Demonstrations briefly touched the upscale district of Khartoum Two, home to business magnates and foreign embassies, where a reporter saw tyres burning and said police fired tear gas.

Police also clashed with protesters in Khartoum's twin city of Omdurman, where about 200 demonstrators rhythmically clapped and shouted for "freedom," the reporter said.

Hundreds of people, mainly from the opposition Umma Party, separately gathered in Omdurman to call for regime change, a demonstrator there said.

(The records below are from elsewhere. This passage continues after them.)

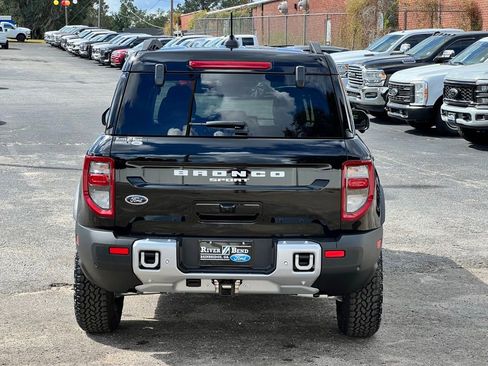 New 2025 Ford Bronco Sport Outer Banks w/ Sasquatch Outer Banks Package image 4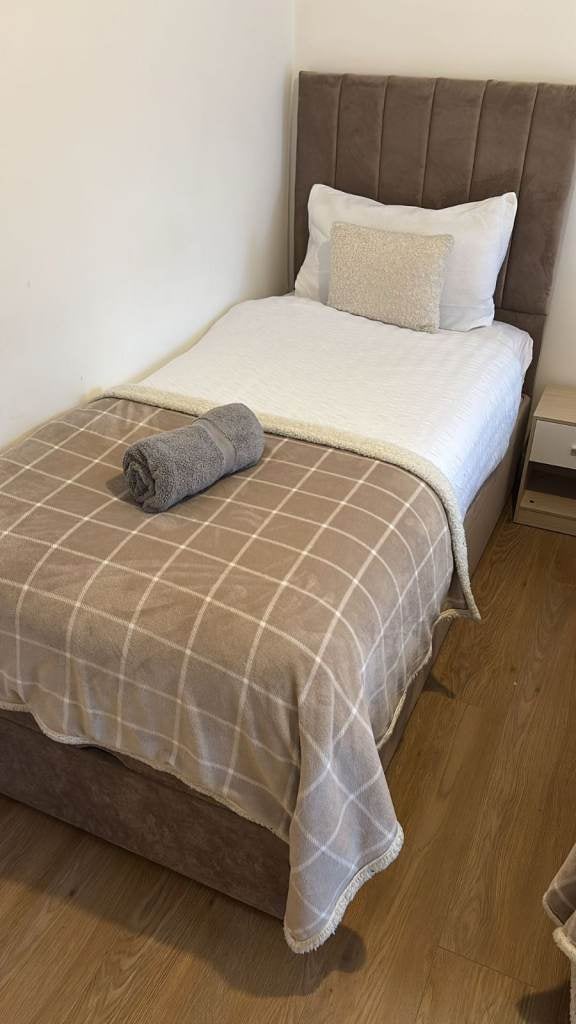 Flat Wilbraham Road in Manchester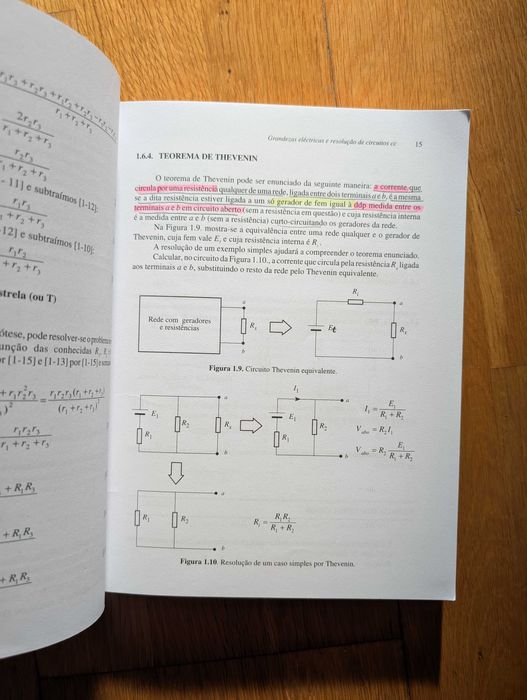 Livro "Electrónica Analógica" - Circuitos e Microprocessadores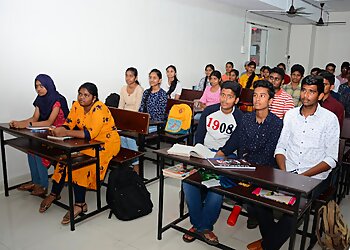 Sri Viswa IIT & Medical Academy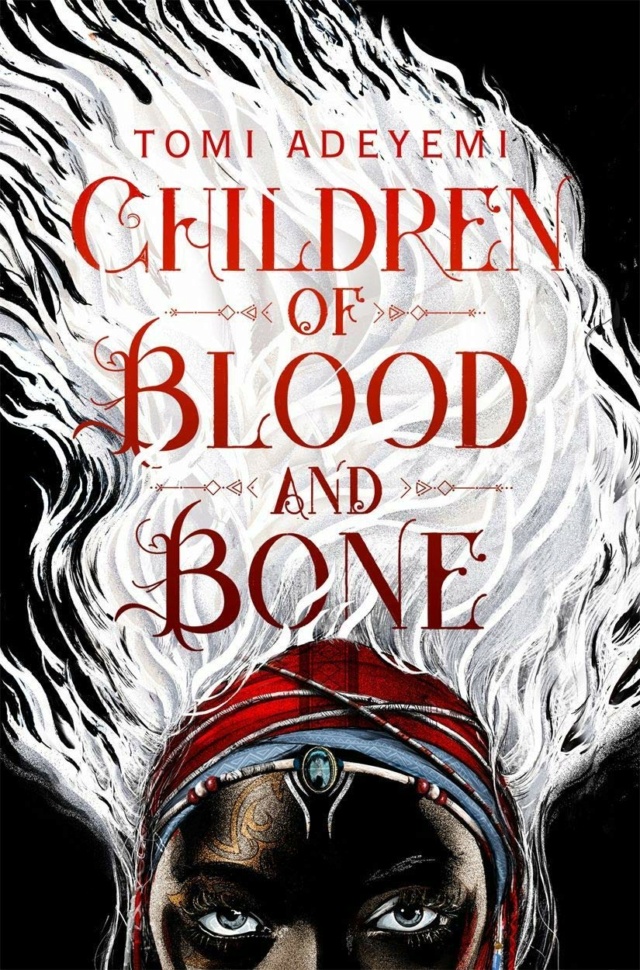 Children of Blood and Bone [Paramount - 20??] 81fqht11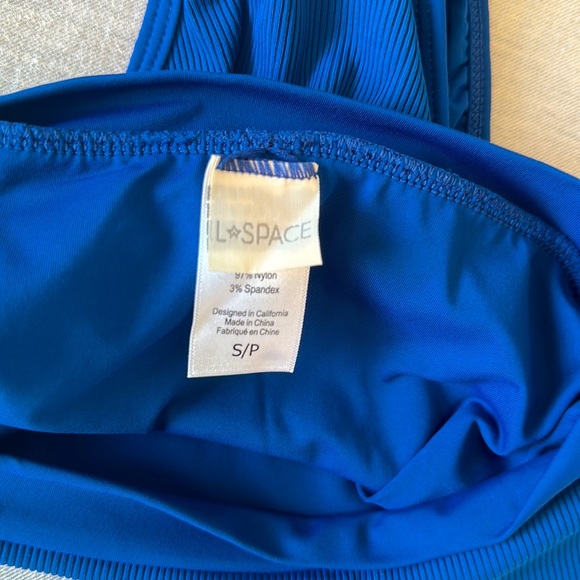 L*Space Swimsuit - Picture 9 of 14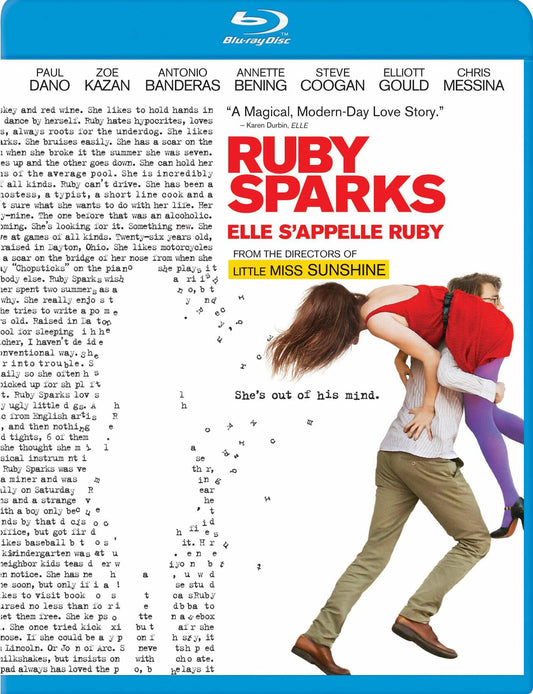 Ruby Sparks [Blu-ray] [Blu-ray] - Very Good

The crowd hurled stones while police used batons against them, he added.

"It's not only students" who have taken to the streets, said Latif Joseph Sabag, a member of the Umma Party's political bureau.

"These protests are expected because of the increase in prices and inflation, and so on," he said. "The economic situation in Sudan is very bad."

Sabag said "nobody can tell" how much larger the protests might grow but his party was trying to talk to the ruling National Congress Party and suggest ways to "try to solve the problems and improve the situation in a peaceful way."

Inflation has risen each month, hitting 30.4 percent in May, before Finance Minister Ali Mahmud al-Rasul on Wednesday announced the scrapping of fuel subsidies, causing an immediate jump in petrol, cooking gas and other fuel prices.

Bankrupt Sudan has lost billions of dollars in oil receipts since South Sudan gained independence last July leaving the north struggling for revenue, plagued by inflation, and with a severe shortage of dollars to pay for imports.

The country's poverty rate is 46.5 percent, the United Nations says.

Outside the capital, witnesses in Sennar, the capital of Sennar state, said police fired tear gas and used batons when up to 300 people shouted against rising prices on Friday afternoon.

Residents in El Obeid, the capital of North Kordofan state, and in Wad Medani, the main centre in El Gezira state, also reported anti-regime protests.

Riot police have violently dispersed a string of protests since they began on June 16 outside the University of Khartoum.

London-based rights group Amnesty International on Friday urged Sudanese authorities to end "the ruthless crackdown on protests" and harassment of journalists reporting the events.

A correspondent for the international news wire Bloomberg said she was detained by state security agents for five hours while trying to cover a student protest on Thursday.

Salma El Wardany, an Egyptian, was held a day after correspondent Simon Martelli, a Briton, was released following more than 12 hours in custody without charge.

University students have historically been in the forefront of opposition movements in Sudan, including in 1964 when protests led to a mass uprising that toppled the military dictatorship then in power.

The current regime of President Omar al-Bashir, an army officer who seized power in 1989, withstood earlier student-led protests by thousands objecting to high prices in 1994.

Sudan's latest demonstrations remain small compared with the mass uprising that swept neighbouring Egypt last year and toppled another long-time strongman, Hosni Mubarak.